January 18, 2021
‘Data is the new oil’, so the simple universal buzzword goes. The metaphor deceptively underlines the wildcatting nature of oil exploration, plus the extractive exploitation of a trapped asset and the attendant excitement that accompany the boom. Inevitably, terms from the oil industry have slithered into the data protection realm such as data-hoarding, data-dividend and many other eponymous terms.
The metaphor also insinuates that data being an asset, then ownership of the data itself, are brought to fore. According to David Loshin (President of Knowledge Integrity, Inc.), ownership implies power as well as control. “The control of information includes not just the ability to access, create, modify, package, derive benefit from, sell or remove data, but also the right to assign these access privileges to others”. He goes on to argue that “data has intrinsic value as well as having added value as a by-product of information processing.
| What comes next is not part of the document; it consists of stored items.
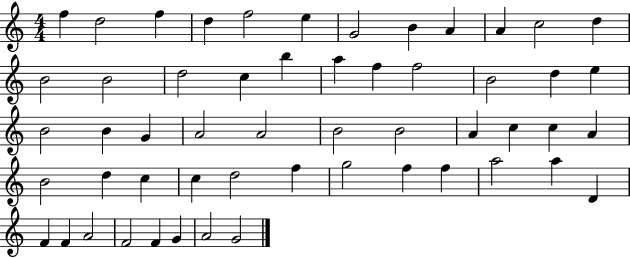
{
  \clef treble
  \numericTimeSignature
  \time 4/4
  \key c \major
  f''4 d''2 f''4 | d''4 f''2 e''4 | g'2 b'4 a'4 | a'4 c''2 d''4 | \break b'2 b'2 | d''2 c''4 b''4 | a''4 f''4 f''2 | b'2 d''4 e''4 | \break b'2 b'4 g'4 | a'2 a'2 | b'2 b'2 | a'4 c''4 c''4 a'4 | \break b'2 d''4 c''4 | c''4 d''2 f''4 | g''2 f''4 f''4 | a''2 a''4 d'4 | \break f'4 f'4 a'2 | f'2 f'4 g'4 | a'2 g'2 | \bar "|."
}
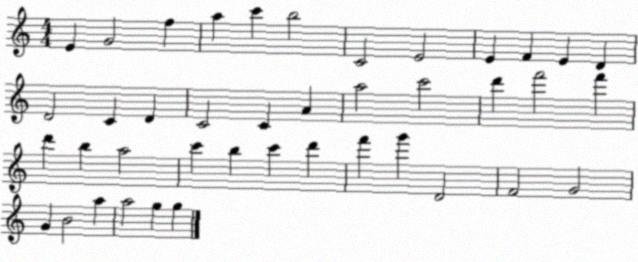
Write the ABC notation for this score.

X:1
T:Untitled
M:4/4
L:1/4
K:C
E G2 f a c' b2 C2 E2 E F E D D2 C D C2 C A a2 c'2 d' f'2 f' d' b a2 c' b c' d' f' g' D2 F2 G2 G B2 a a2 g g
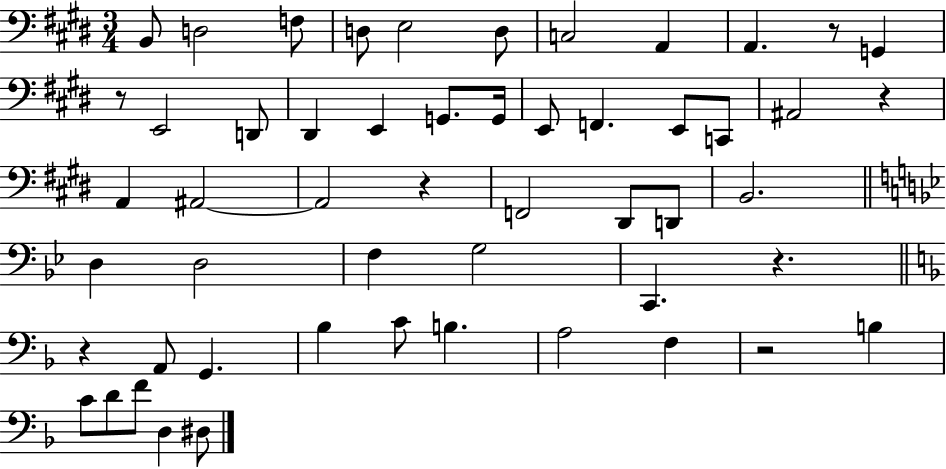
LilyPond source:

{
  \clef bass
  \numericTimeSignature
  \time 3/4
  \key e \major
  b,8 d2 f8 | d8 e2 d8 | c2 a,4 | a,4. r8 g,4 | \break r8 e,2 d,8 | dis,4 e,4 g,8. g,16 | e,8 f,4. e,8 c,8 | ais,2 r4 | \break a,4 ais,2~~ | ais,2 r4 | f,2 dis,8 d,8 | b,2. | \break \bar "||" \break \key g \minor d4 d2 | f4 g2 | c,4. r4. | \bar "||" \break \key f \major r4 a,8 g,4. | bes4 c'8 b4. | a2 f4 | r2 b4 | \break c'8 d'8 f'8 d4 dis8 | \bar "|."
}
At the core, the degree of ownership (and by corollary, the degree of responsibility) is driven by the value that each interested party derives from the use of that information”.
With the consignment of data as a resource, asset or inordinate item of value, it follows that owners and custodians of data would be predisposed to protecting the data. Data protection is the process of safeguarding important information from corruption, compromise or loss. The importance of data protection increases as the amount of data created and stored continues to grow at unprecedented rates.